After a decade spent designing menswear in New York City for the likes of Converse, Levi’s and Tommy Hilfiger, Stephanie Beard decided it was time to strike out on her own.

“I loved the job I was doing but I didn’t get much interaction with the factories so I couldn’t feel fully proud of my work,” she recalled. So in late 2012 she set out for Austin and by February 2014, launched the sort-of eponymous women’s label, Esby Apparel (the phonetic pronunciation of her initials, SB), on Kickstarter.

She surpassed her funding goal within 24 hours of the campaign’s 30-day run.

Pooling inspiration from her previous posts, Esby consists of simple staples that are the antithesis of fast fashion. “Menswear has a lot of high quality options and timeless pieces and I wanted more of that in my own wardrobe,” Beard said, referring to the line as “women’s apparel with a menswear mentality.”
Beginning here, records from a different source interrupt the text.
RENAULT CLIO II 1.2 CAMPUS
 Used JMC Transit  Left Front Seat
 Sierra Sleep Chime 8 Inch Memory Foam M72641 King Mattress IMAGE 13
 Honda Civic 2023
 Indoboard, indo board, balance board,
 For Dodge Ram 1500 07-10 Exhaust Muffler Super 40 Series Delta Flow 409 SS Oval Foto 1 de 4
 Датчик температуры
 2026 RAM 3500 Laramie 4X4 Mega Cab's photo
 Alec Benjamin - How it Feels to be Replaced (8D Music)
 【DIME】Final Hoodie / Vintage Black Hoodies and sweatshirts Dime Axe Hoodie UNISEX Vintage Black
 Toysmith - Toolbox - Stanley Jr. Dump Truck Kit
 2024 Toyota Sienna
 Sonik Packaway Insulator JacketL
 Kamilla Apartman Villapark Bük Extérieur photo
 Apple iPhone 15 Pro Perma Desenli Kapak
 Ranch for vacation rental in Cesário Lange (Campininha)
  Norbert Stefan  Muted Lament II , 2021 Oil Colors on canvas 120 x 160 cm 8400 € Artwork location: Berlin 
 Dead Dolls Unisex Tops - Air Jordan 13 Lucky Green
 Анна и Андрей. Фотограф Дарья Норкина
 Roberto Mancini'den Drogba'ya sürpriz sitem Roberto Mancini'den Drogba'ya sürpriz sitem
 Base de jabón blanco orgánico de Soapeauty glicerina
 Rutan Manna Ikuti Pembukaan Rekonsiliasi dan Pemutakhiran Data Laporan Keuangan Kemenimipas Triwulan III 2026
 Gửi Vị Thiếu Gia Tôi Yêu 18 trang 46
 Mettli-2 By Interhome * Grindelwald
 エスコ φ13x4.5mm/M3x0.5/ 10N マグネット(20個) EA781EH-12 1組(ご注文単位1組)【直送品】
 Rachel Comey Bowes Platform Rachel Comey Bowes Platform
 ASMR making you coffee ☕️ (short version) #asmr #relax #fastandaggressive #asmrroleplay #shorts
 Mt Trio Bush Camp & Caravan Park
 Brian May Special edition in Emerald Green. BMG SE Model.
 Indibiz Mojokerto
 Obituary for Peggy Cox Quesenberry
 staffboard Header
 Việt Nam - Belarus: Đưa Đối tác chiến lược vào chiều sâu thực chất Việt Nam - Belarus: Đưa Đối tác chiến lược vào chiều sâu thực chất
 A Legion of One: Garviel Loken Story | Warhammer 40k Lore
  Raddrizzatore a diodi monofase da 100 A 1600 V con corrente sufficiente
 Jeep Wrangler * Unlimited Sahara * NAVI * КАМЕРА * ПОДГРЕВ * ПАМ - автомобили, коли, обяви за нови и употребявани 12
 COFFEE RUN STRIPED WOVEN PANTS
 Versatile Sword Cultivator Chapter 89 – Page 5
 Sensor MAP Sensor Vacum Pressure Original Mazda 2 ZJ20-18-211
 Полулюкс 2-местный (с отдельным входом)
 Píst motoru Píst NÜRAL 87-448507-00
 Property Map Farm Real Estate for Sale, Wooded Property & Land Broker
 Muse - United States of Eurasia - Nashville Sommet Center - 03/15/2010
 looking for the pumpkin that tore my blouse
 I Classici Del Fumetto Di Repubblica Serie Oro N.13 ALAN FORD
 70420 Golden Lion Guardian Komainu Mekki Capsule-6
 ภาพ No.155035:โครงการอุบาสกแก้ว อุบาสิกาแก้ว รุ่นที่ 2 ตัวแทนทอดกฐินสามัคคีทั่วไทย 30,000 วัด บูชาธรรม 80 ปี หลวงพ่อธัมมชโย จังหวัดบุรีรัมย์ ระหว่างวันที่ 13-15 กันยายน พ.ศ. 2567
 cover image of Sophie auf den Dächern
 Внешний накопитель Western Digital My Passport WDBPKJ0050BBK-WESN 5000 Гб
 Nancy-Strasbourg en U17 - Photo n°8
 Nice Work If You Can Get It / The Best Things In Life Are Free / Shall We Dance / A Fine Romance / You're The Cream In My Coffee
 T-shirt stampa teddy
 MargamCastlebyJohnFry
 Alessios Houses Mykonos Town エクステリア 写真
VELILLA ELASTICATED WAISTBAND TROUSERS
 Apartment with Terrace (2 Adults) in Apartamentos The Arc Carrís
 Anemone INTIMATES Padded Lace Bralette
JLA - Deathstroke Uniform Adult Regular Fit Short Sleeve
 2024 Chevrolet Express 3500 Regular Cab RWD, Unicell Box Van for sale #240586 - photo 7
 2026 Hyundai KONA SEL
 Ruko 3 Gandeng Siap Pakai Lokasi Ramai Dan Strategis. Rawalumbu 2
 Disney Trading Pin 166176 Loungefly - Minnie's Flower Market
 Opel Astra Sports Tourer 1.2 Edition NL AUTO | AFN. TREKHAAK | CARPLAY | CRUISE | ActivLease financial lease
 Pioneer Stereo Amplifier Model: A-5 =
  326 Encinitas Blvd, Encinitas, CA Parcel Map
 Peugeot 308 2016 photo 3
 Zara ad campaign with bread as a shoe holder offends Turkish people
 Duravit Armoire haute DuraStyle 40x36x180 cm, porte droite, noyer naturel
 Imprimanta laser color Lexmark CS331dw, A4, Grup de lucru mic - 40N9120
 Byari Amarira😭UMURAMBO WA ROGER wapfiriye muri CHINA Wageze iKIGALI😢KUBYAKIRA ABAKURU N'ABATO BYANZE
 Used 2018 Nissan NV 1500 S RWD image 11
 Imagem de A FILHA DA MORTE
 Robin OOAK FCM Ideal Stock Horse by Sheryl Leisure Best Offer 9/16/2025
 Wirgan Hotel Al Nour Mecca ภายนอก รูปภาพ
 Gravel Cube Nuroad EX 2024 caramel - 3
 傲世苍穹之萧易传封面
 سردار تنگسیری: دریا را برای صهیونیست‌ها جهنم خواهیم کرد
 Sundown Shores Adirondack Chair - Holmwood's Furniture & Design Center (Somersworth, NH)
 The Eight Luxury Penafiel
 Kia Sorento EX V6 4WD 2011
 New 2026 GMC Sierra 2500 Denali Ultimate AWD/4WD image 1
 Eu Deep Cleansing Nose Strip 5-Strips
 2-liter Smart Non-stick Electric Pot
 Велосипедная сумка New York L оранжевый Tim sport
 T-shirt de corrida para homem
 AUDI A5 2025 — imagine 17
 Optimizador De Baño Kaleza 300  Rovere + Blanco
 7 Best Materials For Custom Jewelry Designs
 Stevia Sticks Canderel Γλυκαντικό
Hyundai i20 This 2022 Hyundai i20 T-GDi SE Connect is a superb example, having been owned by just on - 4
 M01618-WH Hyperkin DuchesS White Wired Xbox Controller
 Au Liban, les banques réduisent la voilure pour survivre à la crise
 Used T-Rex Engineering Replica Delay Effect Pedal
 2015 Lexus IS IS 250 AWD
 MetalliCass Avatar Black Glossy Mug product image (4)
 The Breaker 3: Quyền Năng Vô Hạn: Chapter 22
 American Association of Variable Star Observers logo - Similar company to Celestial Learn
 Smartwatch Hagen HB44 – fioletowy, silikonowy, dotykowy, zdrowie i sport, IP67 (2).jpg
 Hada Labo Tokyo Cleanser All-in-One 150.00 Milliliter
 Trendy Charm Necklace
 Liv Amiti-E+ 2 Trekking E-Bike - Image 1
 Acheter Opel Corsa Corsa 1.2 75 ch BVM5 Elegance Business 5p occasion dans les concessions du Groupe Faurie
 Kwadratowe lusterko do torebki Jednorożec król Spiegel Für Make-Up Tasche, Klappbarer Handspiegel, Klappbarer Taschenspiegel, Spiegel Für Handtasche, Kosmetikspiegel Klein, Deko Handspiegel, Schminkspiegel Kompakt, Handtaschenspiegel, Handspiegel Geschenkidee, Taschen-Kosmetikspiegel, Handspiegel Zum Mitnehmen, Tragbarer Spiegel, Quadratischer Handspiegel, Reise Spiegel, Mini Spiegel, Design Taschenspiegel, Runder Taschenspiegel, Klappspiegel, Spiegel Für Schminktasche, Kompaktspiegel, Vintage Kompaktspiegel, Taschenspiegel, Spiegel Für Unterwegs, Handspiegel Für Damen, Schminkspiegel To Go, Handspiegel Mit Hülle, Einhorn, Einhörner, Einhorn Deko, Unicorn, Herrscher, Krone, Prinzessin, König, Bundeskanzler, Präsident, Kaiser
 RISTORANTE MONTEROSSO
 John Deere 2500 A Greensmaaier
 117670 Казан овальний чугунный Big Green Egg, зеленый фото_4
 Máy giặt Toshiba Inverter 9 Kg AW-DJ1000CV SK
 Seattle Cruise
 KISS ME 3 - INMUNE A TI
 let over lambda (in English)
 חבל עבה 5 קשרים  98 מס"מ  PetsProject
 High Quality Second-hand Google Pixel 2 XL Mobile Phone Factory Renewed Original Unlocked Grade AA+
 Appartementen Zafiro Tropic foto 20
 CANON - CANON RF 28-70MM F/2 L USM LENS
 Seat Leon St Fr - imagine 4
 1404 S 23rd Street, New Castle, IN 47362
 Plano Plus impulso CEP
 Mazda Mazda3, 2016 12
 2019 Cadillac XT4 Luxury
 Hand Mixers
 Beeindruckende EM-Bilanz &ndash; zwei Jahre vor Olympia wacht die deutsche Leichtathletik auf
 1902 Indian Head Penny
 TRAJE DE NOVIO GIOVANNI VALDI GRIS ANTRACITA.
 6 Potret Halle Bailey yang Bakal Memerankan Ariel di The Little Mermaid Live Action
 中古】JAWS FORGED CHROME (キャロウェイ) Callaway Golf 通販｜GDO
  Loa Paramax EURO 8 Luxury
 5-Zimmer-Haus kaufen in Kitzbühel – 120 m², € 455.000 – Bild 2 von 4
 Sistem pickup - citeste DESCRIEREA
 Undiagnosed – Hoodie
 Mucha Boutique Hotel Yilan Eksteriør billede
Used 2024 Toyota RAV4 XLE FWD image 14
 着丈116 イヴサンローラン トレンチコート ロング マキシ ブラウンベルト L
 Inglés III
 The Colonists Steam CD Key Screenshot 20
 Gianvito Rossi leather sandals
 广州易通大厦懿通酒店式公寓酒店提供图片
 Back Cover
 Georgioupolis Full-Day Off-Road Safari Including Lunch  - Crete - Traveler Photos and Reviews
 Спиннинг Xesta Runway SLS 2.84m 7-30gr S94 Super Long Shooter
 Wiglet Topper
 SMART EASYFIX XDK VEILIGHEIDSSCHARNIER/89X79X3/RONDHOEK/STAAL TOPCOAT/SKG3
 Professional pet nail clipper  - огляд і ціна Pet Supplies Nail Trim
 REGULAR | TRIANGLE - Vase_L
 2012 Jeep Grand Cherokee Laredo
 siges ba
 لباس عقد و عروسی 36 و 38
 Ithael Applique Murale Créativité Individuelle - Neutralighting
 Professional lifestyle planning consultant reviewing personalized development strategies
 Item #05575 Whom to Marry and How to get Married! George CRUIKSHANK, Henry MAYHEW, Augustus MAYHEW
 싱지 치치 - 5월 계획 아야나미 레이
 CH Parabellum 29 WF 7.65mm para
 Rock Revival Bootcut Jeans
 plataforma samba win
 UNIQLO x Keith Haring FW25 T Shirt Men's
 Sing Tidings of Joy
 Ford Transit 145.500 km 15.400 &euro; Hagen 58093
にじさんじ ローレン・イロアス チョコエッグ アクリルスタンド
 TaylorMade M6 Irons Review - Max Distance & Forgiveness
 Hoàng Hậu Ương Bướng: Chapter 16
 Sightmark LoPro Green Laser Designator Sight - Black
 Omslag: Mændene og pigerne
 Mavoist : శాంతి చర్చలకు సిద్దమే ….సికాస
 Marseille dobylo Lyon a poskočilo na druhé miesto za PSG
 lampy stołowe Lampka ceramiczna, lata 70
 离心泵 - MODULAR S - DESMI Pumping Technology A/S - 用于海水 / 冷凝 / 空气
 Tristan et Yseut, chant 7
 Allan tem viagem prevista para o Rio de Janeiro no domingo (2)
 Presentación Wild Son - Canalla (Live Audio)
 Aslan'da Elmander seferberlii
From the get-go she wanted to make everything in the U.S. but quickly discovered that despite (or, perhaps, because of) the growing American-made movement, it was hard to find factories to take on her production. “It’s sort of difficult if you don’t know someone who knows someone,” she said. Luckily, a friend pointed her in the direction of Nola Sewn, a New Orleans-based boutique-like factory founded by Lisa Iacono, an American Eagle alum who also left behind the corporate world to pursue her own passion.

“One of the biggest reasons we’re made in the U.S.A. is for quality control,” Beard said, pointing out, “Being one person I can’t fly overseas all the time to check on factories.”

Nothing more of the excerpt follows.